- Location: 31°25′0″N 31°49′17″E﻿ / ﻿31.41667°N 31.82139°E Damietta, Egypt
- Date: 29 July 2026
- Attack type: Drone strike
- Deaths: 0
- Injured: 0
- Perpetrator: No party claimed responsibility Per United States: Iran

= 2026 Damietta drone strike =

Strike on ships in Egypt

On 29 July 2026, a drone strike caused an explosion at the port in Damietta, Egypt, setting fire to two ships, including a United States gas-storage tanker. Egyptian authorities confirmed that a drone strike caused the fire. No party has claimed responsibility for the drone strike.

== Background ==
The drone strike took place amid the 2026 Iran war, which escalated further due to the renewed July 2026 United States strikes against Iran following the failure of the Islamabad Memorandum to cease hostilities. The drone strike took place hours after joint U.S.–Saudi strikes on Iraq killed at least 20 fighters of the Popular Mobilization Forces (PMF) and 4 soldiers of the Islamic Revolutionary Guard Corps (IRGC) of Iran.

Two days prior to the drone strike, following the Ukrainian attack on an Iranian commercial vessel, Iranian state-run TV identified Damietta as a possible target, describing it as "a gateway for gas exports to Europe" and a target for "retaliation against Ukrainian interests."

== Attack ==
On 29 July, a drone strike caused explosions at two ships, including a U.S.-owned and operated Marshall Islands-flagged liquefied natural gas storage tanker. According to Kpler, both vessels had been moved away from the Mediterranean port of Damietta, which is situated near the Suez Canal. No fatalities or injuries have been reported. Egypt's petroleum ministry said that a fire broke out on a gasification vessel and a storage vessel and was dealt with by firefighting and security teams. Egyptian authorities initially denied that a drone strike took place, claiming that the fire was caused by an engine room blaze on a vessel.
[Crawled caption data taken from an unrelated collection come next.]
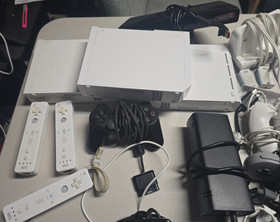 Massive Lot of Video Game Consoles/Hardware Nintendo Xbox Contollers Memory Card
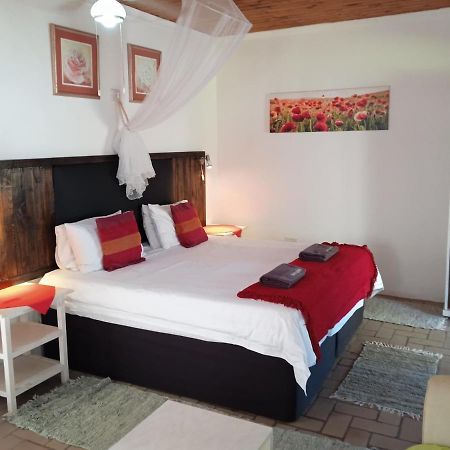Geckos B&B And Self-Catering Коффи-Бей Экстерьер фото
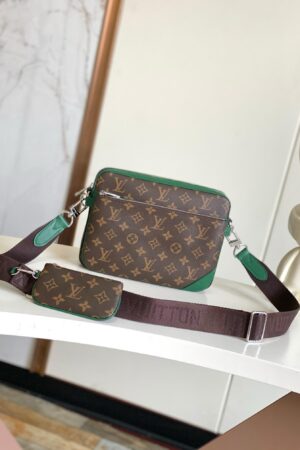 LV Trio Messenger Bag -- Green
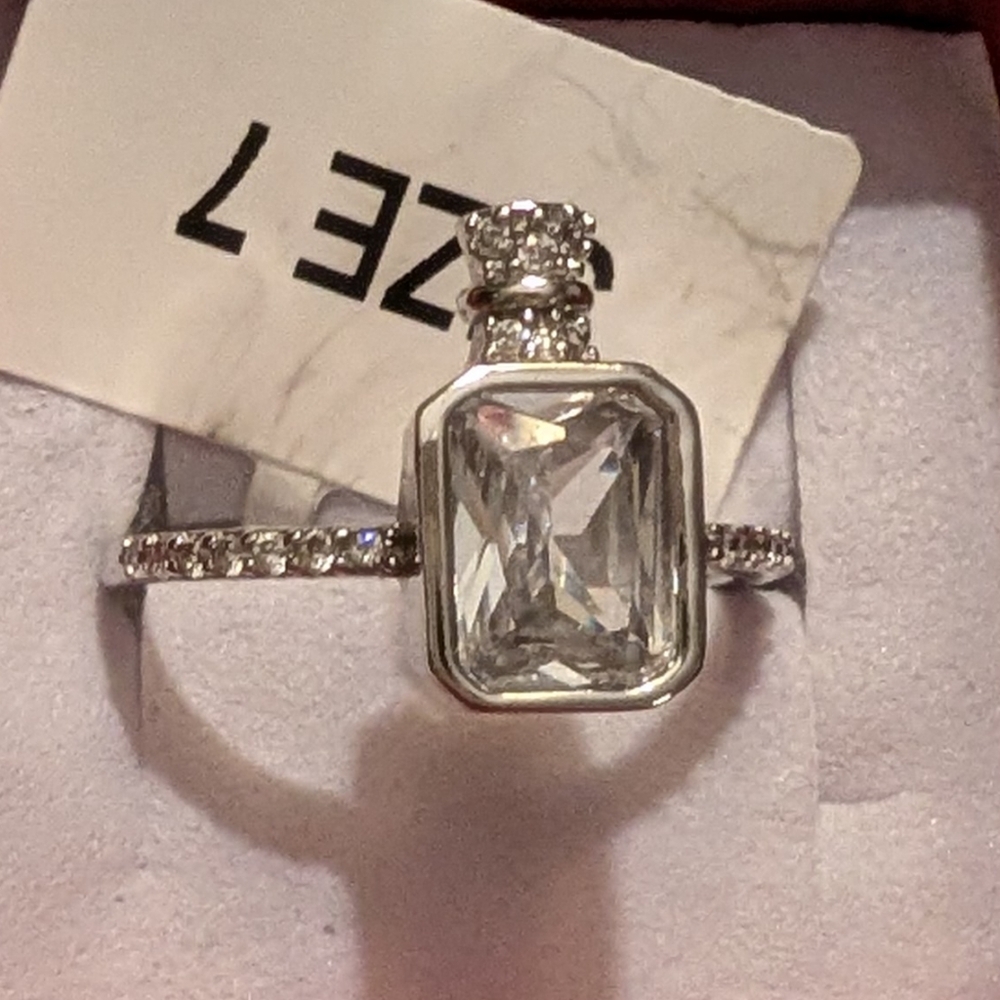 Charmed Aroma ring size 7
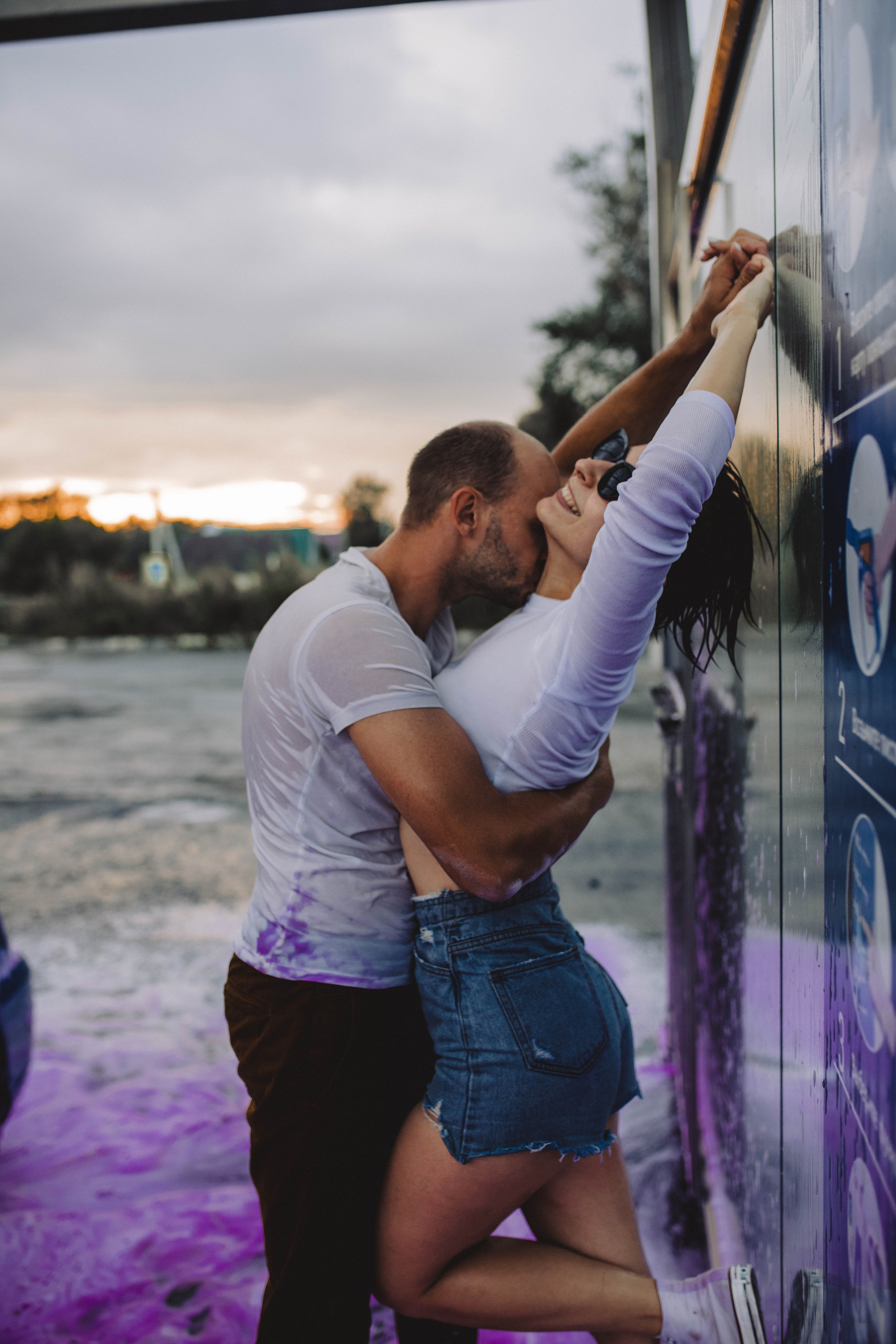 Любовь на одной из городских автомоек. Свадебный фотограф Новосибирск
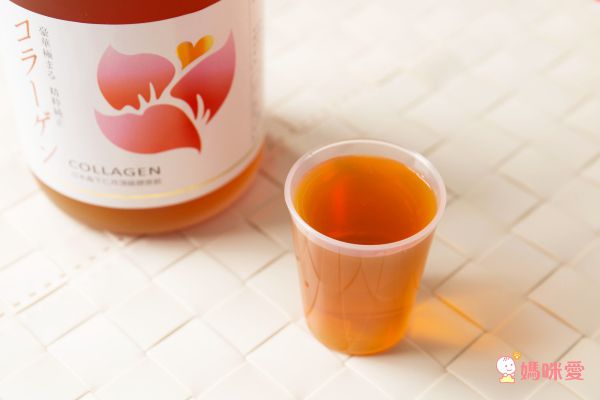 日本森下仁丹 - 【頂級膠原益菌組】膠原蛋白飲1瓶(700ml/瓶)加贈-「50+10晶球長益菌加強版9包」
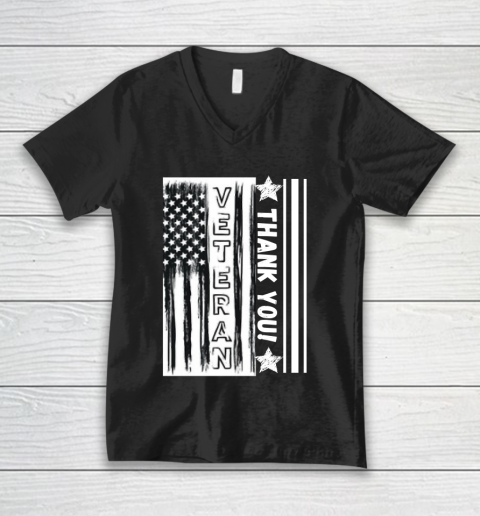 Memorial Day USA Flag Heart American Patriotic Armed Forces Veterans Independence Day 4th Of July V-Neck T-Shirt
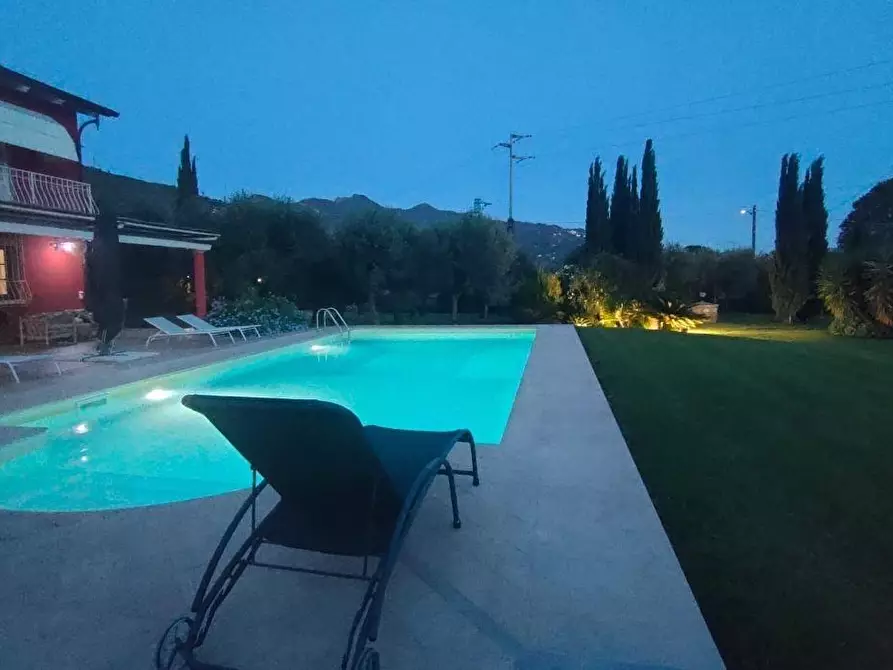 Immagine 61 di Villa in vendita  a Pietrasanta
On 30 July, the cabinet of Egypt confirmed that the fire was caused by a drone strike the previous day after announcing an investigation into the attack. It added that no party has claimed responsibility. Two Iranian officials, speaking to The New York Times, said the drone strike was "designed to show that global shipping and energy supplies could be more deeply disrupted if Iran chose to escalate."

== Reactions ==

- Egypt: Egyptian President Abdel Fattah el-Sisi warned of serious escalation of the Iran war and "stressed the need for Egypt, Spain, Europe, and the international community to work together to halt this escalation."
- Iran: Iranian Foreign Ministry source denied to the Lebanese newspaper An-Nahar that Tehran had targeted the floating storage and regasification unit at Damietta Port, "Iran did not carry out this operation at all, nor does it have any intention of undertaking such an action," the source said.
- Kuwait: Kuwait strongly condemned the drone attack and affirmed that it stands in full solidarity with Egypt.
- Saudi Arabia: The Saudi foreign ministry condemned the drone attack and expressed its full solidarity with Egypt.
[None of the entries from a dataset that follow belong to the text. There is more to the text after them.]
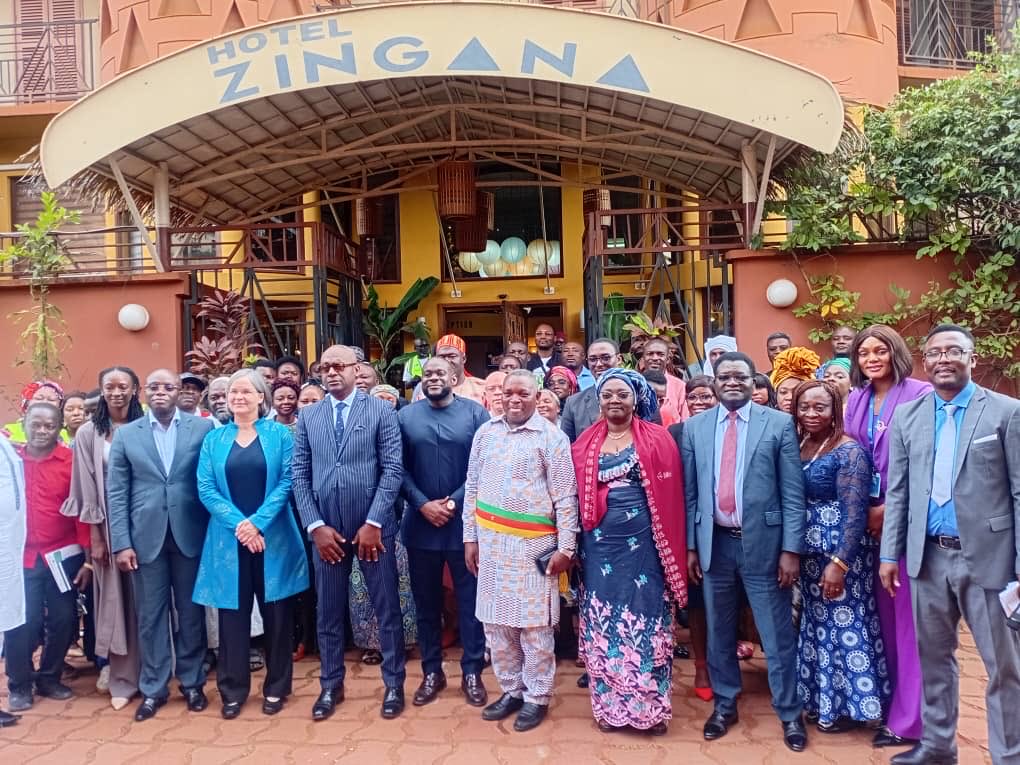 RefugeesCmr's tweet photo. Over the weekend in Bafoussam, UNHCR, #GIZ & local partners reviewed the results & lessons of #PESoP.
The project registered 3️⃣2️⃣,7️⃣0️⃣0️⃣ #IDPs & strengthened local systems to support evidence-based inclusion and durable solutions.
Thanks to @GermanyDiplo for its support https://t.co/khGYRb4XkM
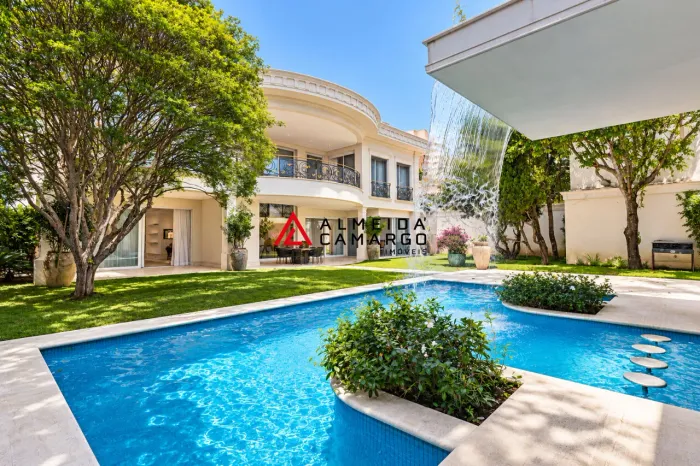 Casa Vila Nova Conceição Reformada Piscina Alto Padrão Sauna Academia Varanda 1130m²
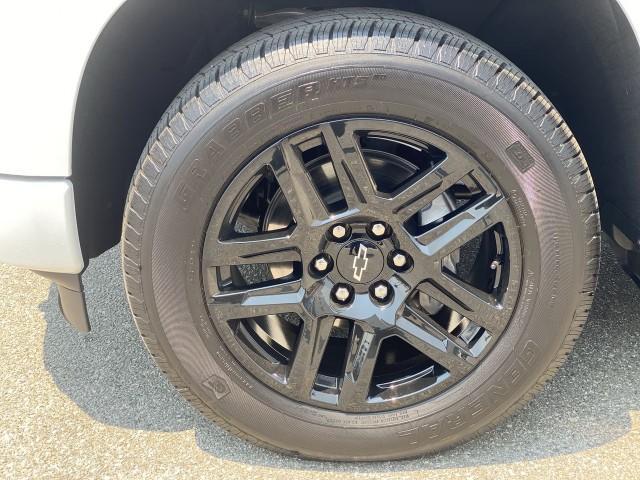 Photo of 2024 Summit White Chevrolet Silverado 1500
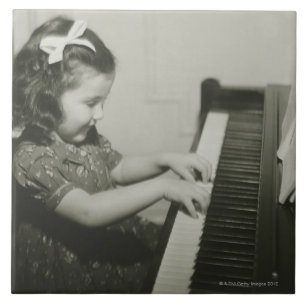 Menina que joga o piano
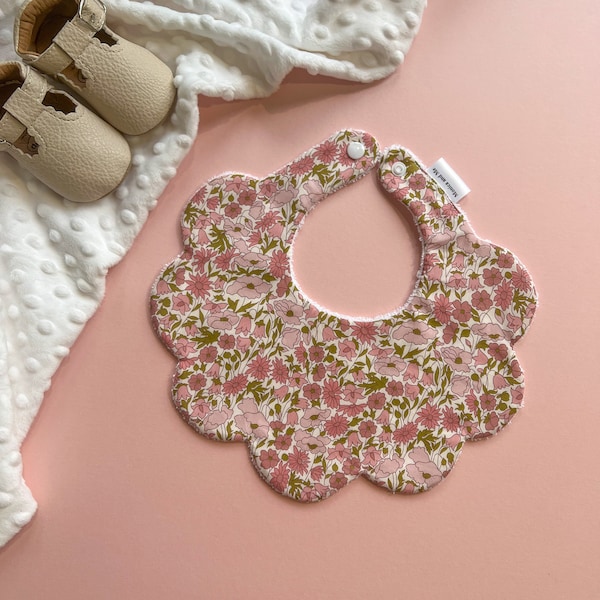 Light pink tone Poppy and daisy Floral Liberty scalloped dribble bib, scalloped bib, Christmas outfit bib, personalised gift baby shower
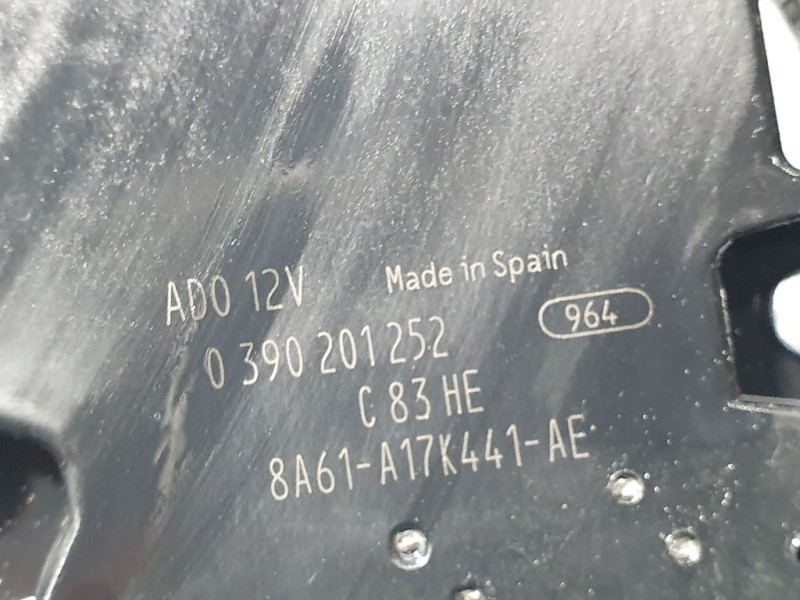 Recambio de motor limpia trasero para ford fiesta (ccn) trend referencia OEM IAM 8A61A17K441AE 0390201252 BOSCH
- Sudan: The Sudanese foreign ministry condemned the drone attack and described it as "a reprehensible act of aggression, a violation of international law, and a serious threat to the security, safety, and stability of the region."
- United Arab Emirates: The UAE strongly condemned the drone attack as a serious threat to the safety of international navigation and marks a dangerous escalation.
- United States: U.S. President Donald Trump implied that Iran or its proxies were responsible for the drone strike, calling it "a little more of the same. But it's going to be straightening out." That night, the U.S. carried out airstrikes on Iran in response to Iranian attacks on U.S. military facilities in Jordan.

- Houthis: The Houthi movement in Yemen denied targeting any vessel at Damietta Port.

- Arab League: Arab League Secretary-General Nabil Fahmy condemned the drone attack as an unacceptable act of aggression against Egypt and warned against further "desperate attempts to escalate the regional conflict." He also warned against "ill-advised adventures" by certain parties, stressing that attacks on Arab countries were "unacceptable across the board."
- Gulf Cooperation Council: GCC Secretary-General Jasem Mohamed Albudaiwi strongly condemned the drone attack on Damietta and similar terrorist attacks that seek to destabilize security and stability in the region.